Fat and organic: Kids under two need full fat dairy products for optimal growth and brain development so choose whole yogurt for them. People over two can go with low fat or fat-free yogurt (3g of fat or less).
I didn’t include organic in the criteria. Generally, I recommend full fat yogurt be organic but leave it optional for lower fat varieties. For more details see Is Organic Milk Worth the Price?
Yogurts that fit the bill
1. Plain Yogurt (any brand): You don’t need me to tell you that plain is the healthiest choice for yogurt. I highly recommend parents start their babies on plain whole organic yogurt instead of the flavored kind and keep them on it.
I made the mistake of offering my daughter sweetened yogurt and she looked at me like I had two heads when I tried to give her plain again.
2. Plain Greek Yogurt (any brand): Greek Yogurt is very popular right now. It is similar to regular yogurt but the extra liquid is strained out so it is creamier and thicker in texture. It also contains more protein and active cultures. The only downside is it contains less calcium.
3. Yo Kids Organic Low Fat Yogurt: Stoneyfield Farm wins high marks for their yogurt made especially for kids. For a 4 ounce serving it contains 13g of sugar, 1g of fat, 20% DV of calcium and 25% DV of vitamin D. It contains beet juice for color and organic sugar/juice as the sweetener.
4. Yoplait Kids: : YoPlait has a nice little product for kids. For a 4oz serving it contains 13g of sugar, 2g of fat, 1g of fiber, 20% DV of calcium and 10% DV of vitamin D. Like Yo Kids it contains beet juice for color and sugar as the sweetener. It also contains modified corn starch and inulin which adds some fiber.

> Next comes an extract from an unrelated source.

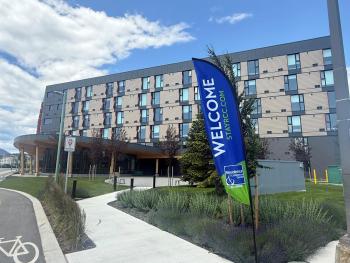 Residence & Conference Centre - Kelowna, Kelowna (photo 2)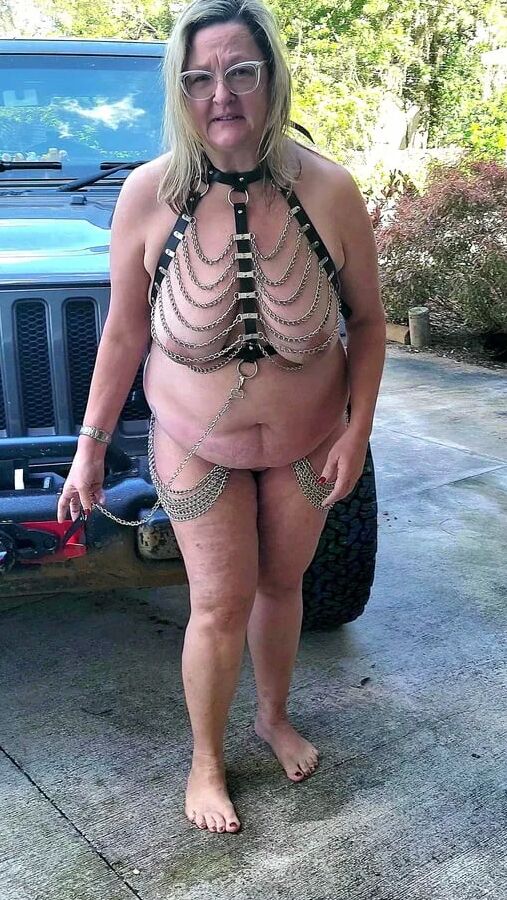 Mature BBW in leather and chain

5. Trader Joes Organic Low Fat Yogurt: This is a great yogurt with a creamy taste and wins for the least amount of sugar for 4 ounces. It has 12g of sugar, 3g of fat, 2g of fiber and 15% DV of calcium (less calcium than Yoplait Kids and Yo Kids). Sugar is the sweetener and it’s made with inulin and pectin for added fiber.
6. Ronnybrook European Style Yogurt: Before you get too excited about this one, you should know that it is only sold in New York. I have not tasted it but it looks and sounds amazing. Their 8 ounce non fat vanilla maple contains only 7g of added sugar and 35% DV for calcium. Their vanilla flavors don’t appear to have any added sugar. If you are in NY take a look!
7. Strauss Family Creamery Organic Yogurt: As kids get older they will need more calcium and will be able to eat 6-8 ounce servings of yogurt. Strauss organic yogurts have a very short ingredient list. It’s organic yogurt sweetened with evaporated cane juice and vanilla extract. For an 8 ounce serving of non fat vanilla, it contains 25g of sugar and 45% DV for calcium (that’s 450mg!).
8. Chobani Greek Yogurt: For a 6 ounce serving this yogurt contains 17g of sugar, 14g of protein, 3g of fat and 15% DV of calcium. It’s short on calcium but high in protein. The sweeteners used include evaporated cane juice, strawberries, bananas and juice for color.
Now that we have cereal and yogurt done, let me know what other product categories you would like to see reviewed.